Colgo quindi l’occasione per ringraziare, primo fra tutti, il mio relatore, il Prof.
Carlo Regoliosi, per avermi supportata sin dal primo momento, senza essere mai
invadente, fornendomi costruttivi spunti di riflessione ed ampi margini di libertà
nella trattazione del tema da me scelto, ma soprattutto perché é proprio grazie al
corso da lui tenuto che, sin dal primo anno, mi sono profondamente appassionata
ai temi del controllo, della gestione dei rischi e della revisione interna.

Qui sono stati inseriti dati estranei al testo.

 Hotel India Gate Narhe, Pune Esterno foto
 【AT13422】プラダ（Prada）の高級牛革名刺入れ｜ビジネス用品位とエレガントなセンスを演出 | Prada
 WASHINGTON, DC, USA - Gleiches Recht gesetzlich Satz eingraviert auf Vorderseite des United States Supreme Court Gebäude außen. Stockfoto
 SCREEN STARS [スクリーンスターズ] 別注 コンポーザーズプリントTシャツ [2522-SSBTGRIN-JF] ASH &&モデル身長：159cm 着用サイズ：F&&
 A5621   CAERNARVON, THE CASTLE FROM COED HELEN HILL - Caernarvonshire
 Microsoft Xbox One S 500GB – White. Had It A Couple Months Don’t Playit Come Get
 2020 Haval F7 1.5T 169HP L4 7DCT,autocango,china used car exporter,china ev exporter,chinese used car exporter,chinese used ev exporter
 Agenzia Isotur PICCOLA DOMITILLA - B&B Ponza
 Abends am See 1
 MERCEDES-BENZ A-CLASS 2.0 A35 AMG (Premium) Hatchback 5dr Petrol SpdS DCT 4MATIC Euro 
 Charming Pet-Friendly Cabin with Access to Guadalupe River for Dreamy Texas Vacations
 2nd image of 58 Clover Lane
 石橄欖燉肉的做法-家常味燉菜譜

Un ringraziamento speciale va poi a tutti i professionisti che mi hanno dedicato
parte del loro prezioso tempo, per fornirmi le conoscenze e gli strumenti necessari
a svolgere una trattazione che non fosse solo puramente teorica, bensì supportata
da casi di studio reali e concreti. In particolar modo vorrei ringraziare la Dott.ssa
Liberata Giovannelli, il Dott. Andrea Marcoccio, la Dott.ssa Tiziana Mazzini, il
Dott. Francesco Papa, il Dott. Giovanni Poggio, il Dott. Nicola Giovinazzi, il
Dott. Domenico Lascala, la Dott.ssa Marialuisa Petrelli, la Dott.ssa Elisa Londei
ed il Dott. Enrico Spitaleri.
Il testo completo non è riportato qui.